Это своего рода молодой и благородный космополитизм. Но именно молодой. Когда человека потреплют жизненные бури, ему приятно вспомнить, что есть свой дом, родина, могилы отцов. Бунин не мог не вспомнить об этом на чужбине &lt,…&gt,
В какой-то степени эта двойственность оставалась у него до конца жизни. Он с интересом расспрашивал советских людей, которые стали приезжать во Францию после войны, о том, что делается на родине, но в этих расспросах не чувствовалось сыновней любви. Он как бы ‘обиделся’ на что-то, хотя неизвестно на что. Классовое самосознание, дворянская усадьба и прочее? Возможно. Хотя фактически Бунин уже был разночинцем, и никаких усадеб у него не было. Может быть, тут и другое — неуменье и страх перейти через черту, за которой уже начинается новый мир.
Однако он, по-видимому, не представлял себе жизнь вне русской стихии. Бунин не делал особых усилий, чтобы войти во французскую среду, и так и не прижился к чужой жизни, несмотря на всю любовь к уютному Парижу или к милым пейзажам Прованса. Сквозь всякие житейские препятствия он понимал, что совершил ошибку, и только его заносчивый характер мешал ему признаться в этом.
Он не любил разговоров на тему о возвращении на родину, отговаривался своей старостью. Мол, ‘мне уже помирать пора, ну куда я поеду на старости лет, привыкать к новой жизни’, но неоднократно высказывал неудовлетворенность эмигрантской жизнью.
Однажды был с Буниным особенно длинный разговор на эту тему. Ничего особенного в этих высказываниях не было, не все запомнилось, но хорошо припоминается общее бунинское настроение, обстановка. Бунин &lt,…&gt, очень мило себя держал. В тот вечер он назначил мне свидание в одном кафе на Монпарнасе, где так любил бывать Маяковский.
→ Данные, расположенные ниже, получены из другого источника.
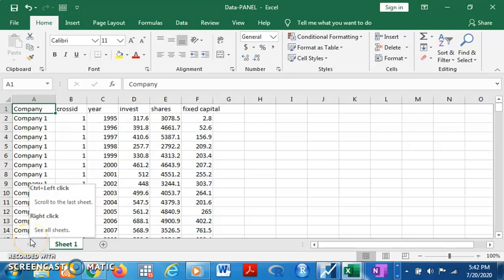Hi everyone. In this video we're looking at panel data analysis. Panel data basically contains observations about different cross-sections across time. It is simply the combination of cross-sectional data and time series data.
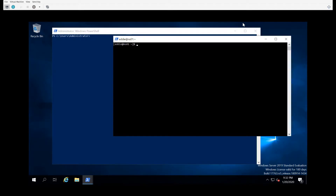Hello and welcome back to the channel. My name is Eddie Jennings from ejsllc.com and in this video I'm going to give a little introduction to objects in PowerShell. Objects are one of the aspects of PowerShell that make it special compared to Bash, Command.exe, and other shell environments.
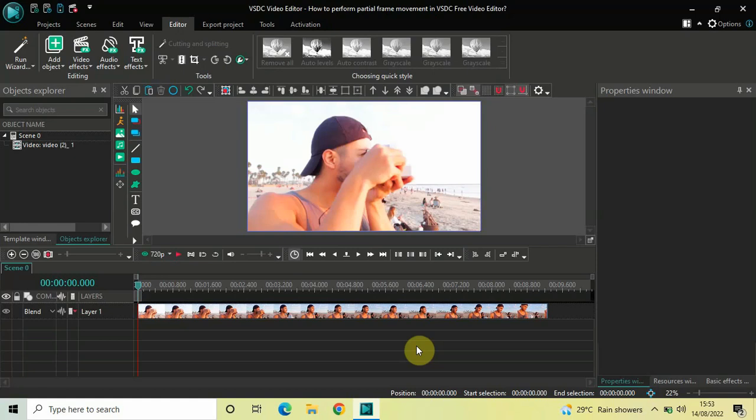Hey guys, welcome back to Next Gen Block. In this video I want to show you how you can perform a partial frame movement in VSDC free video editor. It's actually super easy to perform, so without further delay let's get started and see how you can do this.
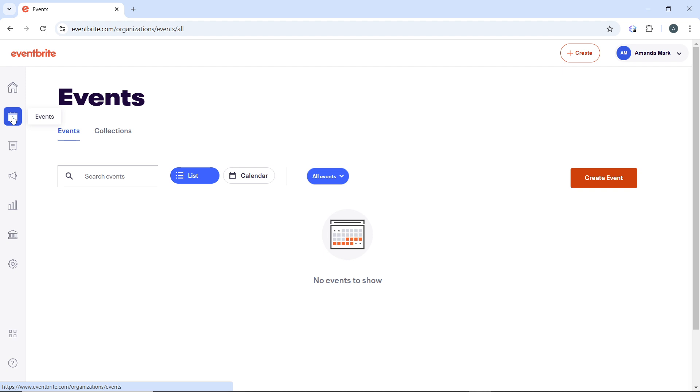I'd like you to note that ticket transfer options may vary depending on the event organizer settings. If you do not see the transfer option, reach out to Eventbrite support or the event organizer directly to confirm if ticket transfers are allowed.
Это было угловое кафе ‘Дом’, где не в пример другим монпарнасским кафе с их модернизированными залами, огромными зеркальными окнами и обилием электрического света сохранилась в те годы старая парижская обстановка: молескиновые диванчики вдоль стен, не очень опрятные передники гарсонов, старомодные мраморные столики, цинковая стойка.
Как обычно по вечерам, в кафе уже стояли облака табачного дыма. За столиками сидели завсегдатаи: художники в клетчатых куртках, незадачливые литераторы с косматыми прическами, непризнанные гении. Многие из них проводили за чашкой кофе одинокий вечер, потому что дома было нетоплено. Они попыхивали трубками, говорили о Матиссе или о Браке. У стойки шумели подвыпившие матросы с красными помпонами на синих шапках.
Мы уселись с Буниным за свободный столик и заказали по рюмке ‘мара’. Есть такая французская крестьянская водка. Помню, Бунин понюхал рюмку и сказал:
— Хороший мар, новыми сапогами пахнет!
Это было вполне бунинское определение. Действительно, как и сливовица, мар припахивает немного кожей.
Встреча эта происходила в те дни, когда в Париже издавалась газета ‘Русский патриот’, около которой группировалось несколько писателей. Хотелось привлечь к газете и Бунина, так как всем были известны его антигитлеровские и патриотические высказывания. Но Бунину почему-то казалось, что ему надлежит стоять ‘выше политики’. Впрочем, он посетил посла и имел с ним дружескую беседу’ (ЦГАЛИ, ф. 2254, ед. хр. 33).